| TASK DESCRIPTION |
Start at the first line below and write out everything verbatim except the pictures.

| RECORDED INFORMATION |

#####

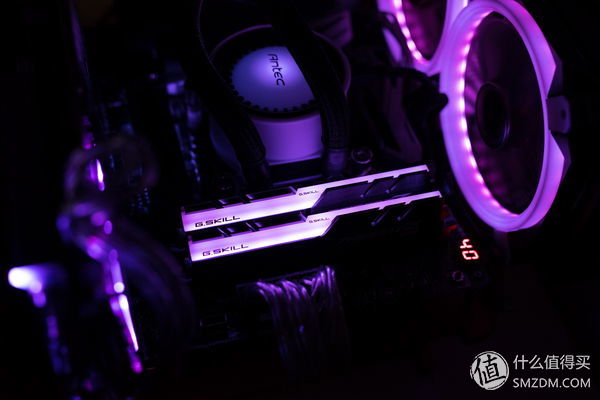 电影头号玩家里的大神都在用开放式主机，你还在用传统电脑？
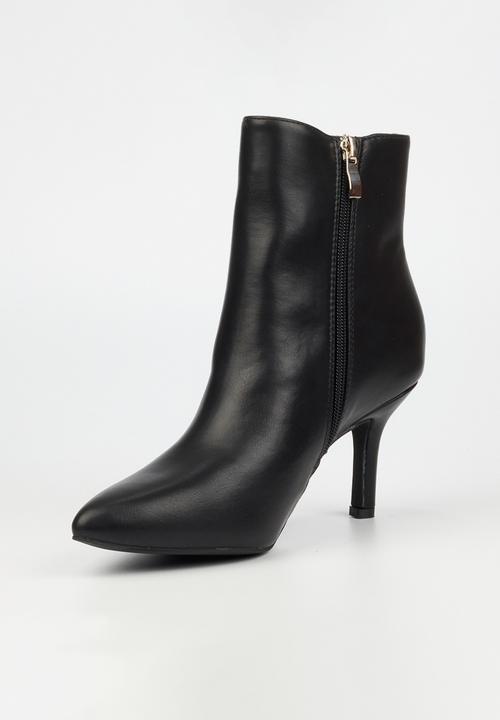 Butterfly Feet - Lively 2 boot - black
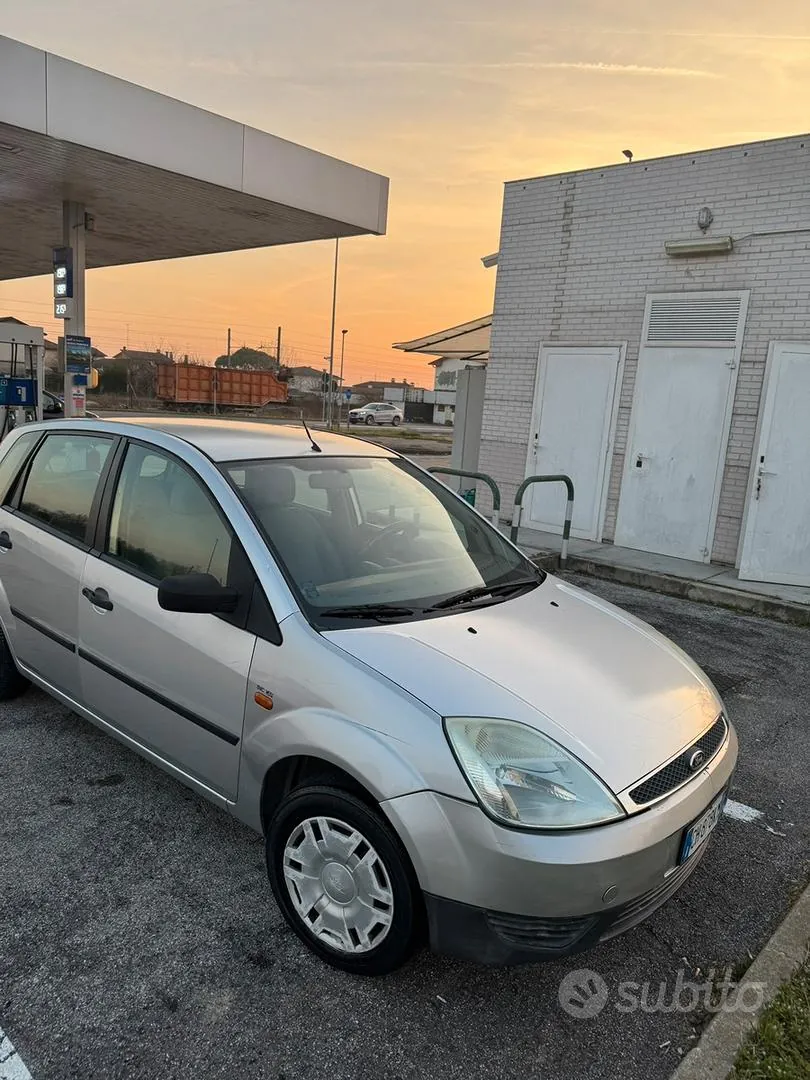 Ford Fiesta 2003 photo 2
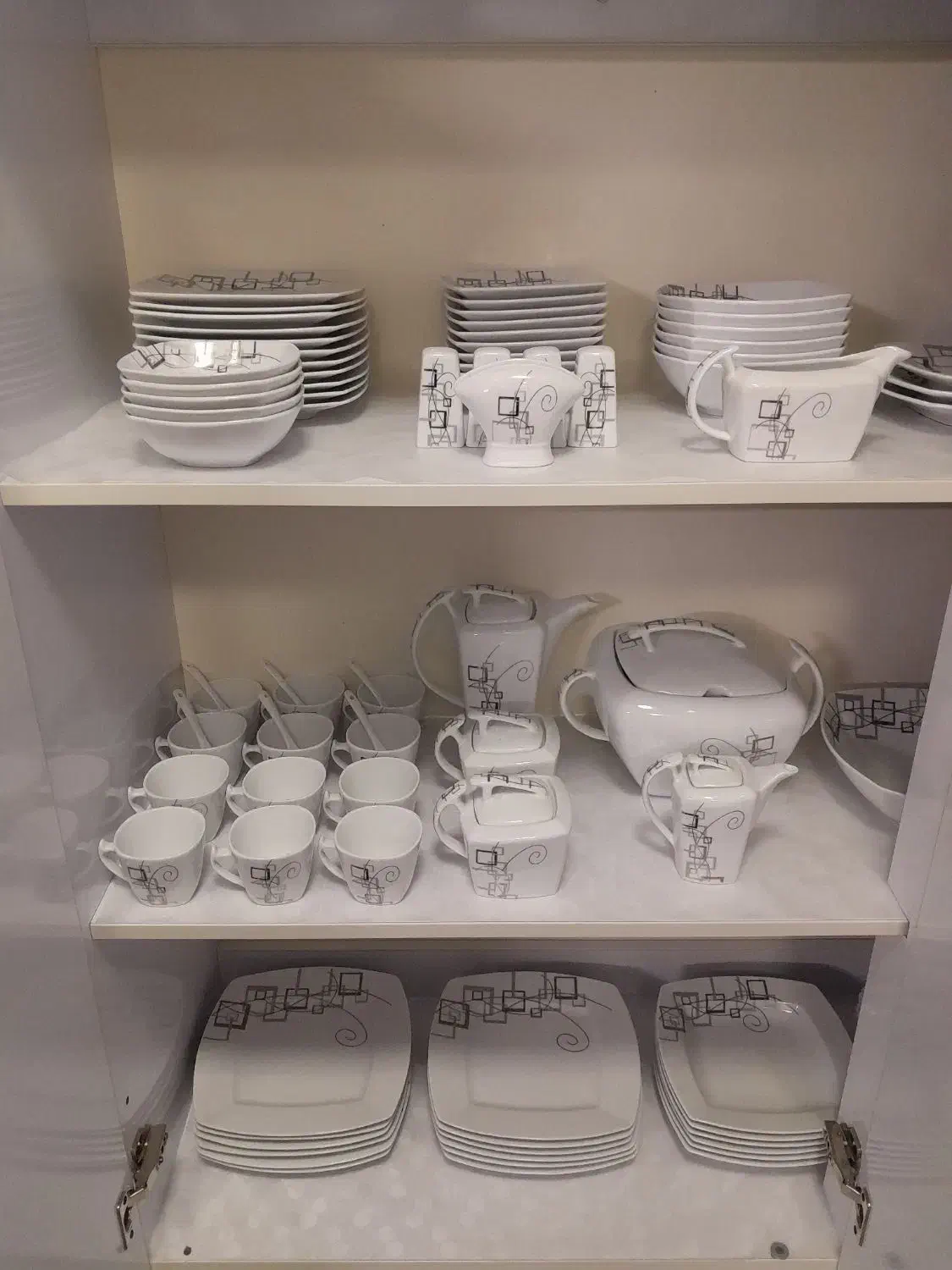 چینی ۱۲نفره|ظروف سرو و پذیرایی|قم, ولیعصر|دیوار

#####

| COMPLETED TASK |
 电影头号玩家里的大神都在用开放式主机，你还在用传统电脑？
 Butterfly Feet - Lively 2 boot - black
 Ford Fiesta 2003 photo 2
 چینی ۱۲نفره|ظروف سرو و پذیرایی|قم, ولیعصر|دیوار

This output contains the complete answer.